IN THE UNITED STATES DISTRICT COURT
FOR THE NORTHERN DISTRICT OF WEST VIRGINIA
MARTINSBURG
EAST SUSSEX CHILDREN SERVICES,
Petitioner,
v.
CIVIL ACTION NO. 3:12-CV-141
(JUDGE GROH)
CARLY LOUISE MORRIS and
RALPH REGIS MORRIS,
Respondents.
MEMORANDUM OPINION AND ORDER GRANTING VERIFIED PETITION FOR
RETURN OF CHILD TO THE UNITED KINGDOM
I. Introduction
This matter is currently before the court on Petitioner East Sussex Children Services’
Verified Petition For Return of Child to United Kingdom (“Petition”) [Doc. 1]. For the
following reasons, the Court GRANTS the Petition.
II. Facts and Procedural History
The Court finds the following facts based upon the evidence and testimony
adduced at the final hearing.

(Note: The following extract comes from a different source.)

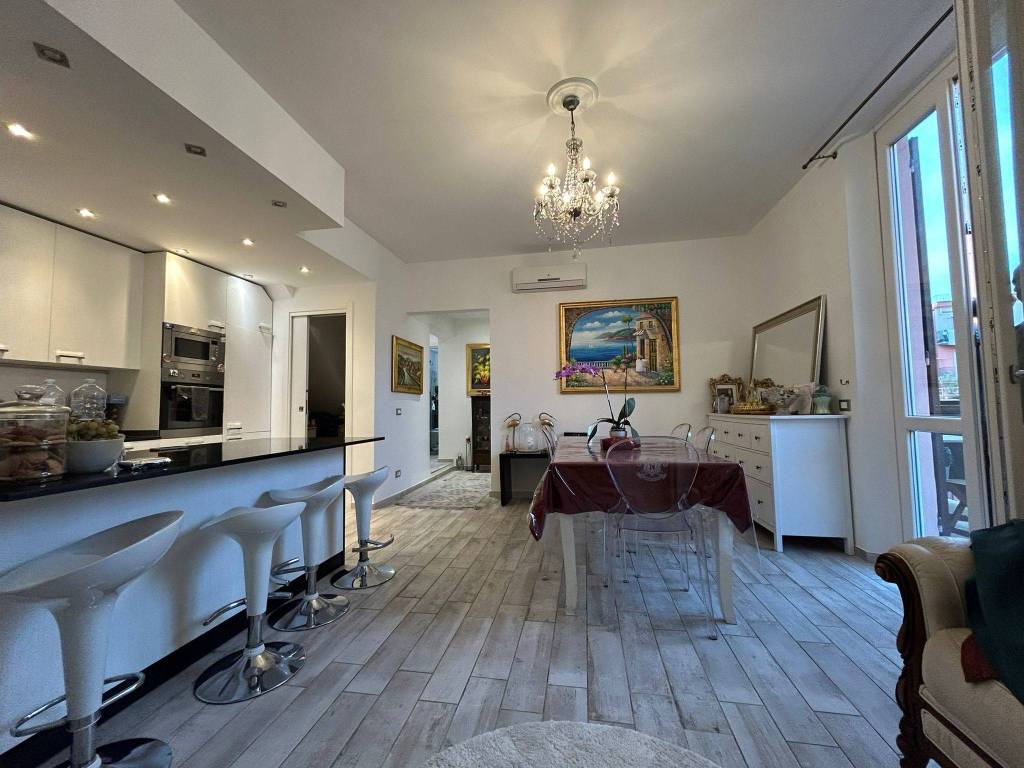 Attico / mansarda a Sarzana - Foto 2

This action involves a minor child, S.A.M., born in 2000.
Pet.’s Ex. 1.1 Respondent Carly Louise Morris (“Mother”) is S.A.M.’s mother and a
citizen of the United Kingdom. Respondent Ralph Regis Morris (“Step-Father”) is the
Mother’s husband, S.A.M’s step-father, and a citizen of the United States. Mother and
1
Because Respondents submitted no Exhibits, all references to Exhibits are to Petitioner’s
Exhibits.
1
Step-Father met on the internet through mutual friends on Facebook while playing a
vampire application game. They were married on September 27, 2010 in Cecil County,
Maryland. Pet.’s Ex. 2.
Petitioner, East Sussex Children Services (“East Sussex”), is the social services
division of the East Sussex County Council. East Sussex has supervised S.A.M. since
February 21, 2010 because S.A.M. is subject to a Child Protection Plan after East
Sussex found neglect and risk of emotional harm to S.A.M. and her half-brother, A.2
Since October 2010, there have been ongoing proceedings regarding S.A.M.’s care,
residence, and contact in the Hastings County Court in England and in the High Court of
Justice, Principal Registry of the Family Division in England. Katie Smee-Giles, a senior
practitioner at East Sussex, has supervised S.A.M.’s case since July 11, 2011.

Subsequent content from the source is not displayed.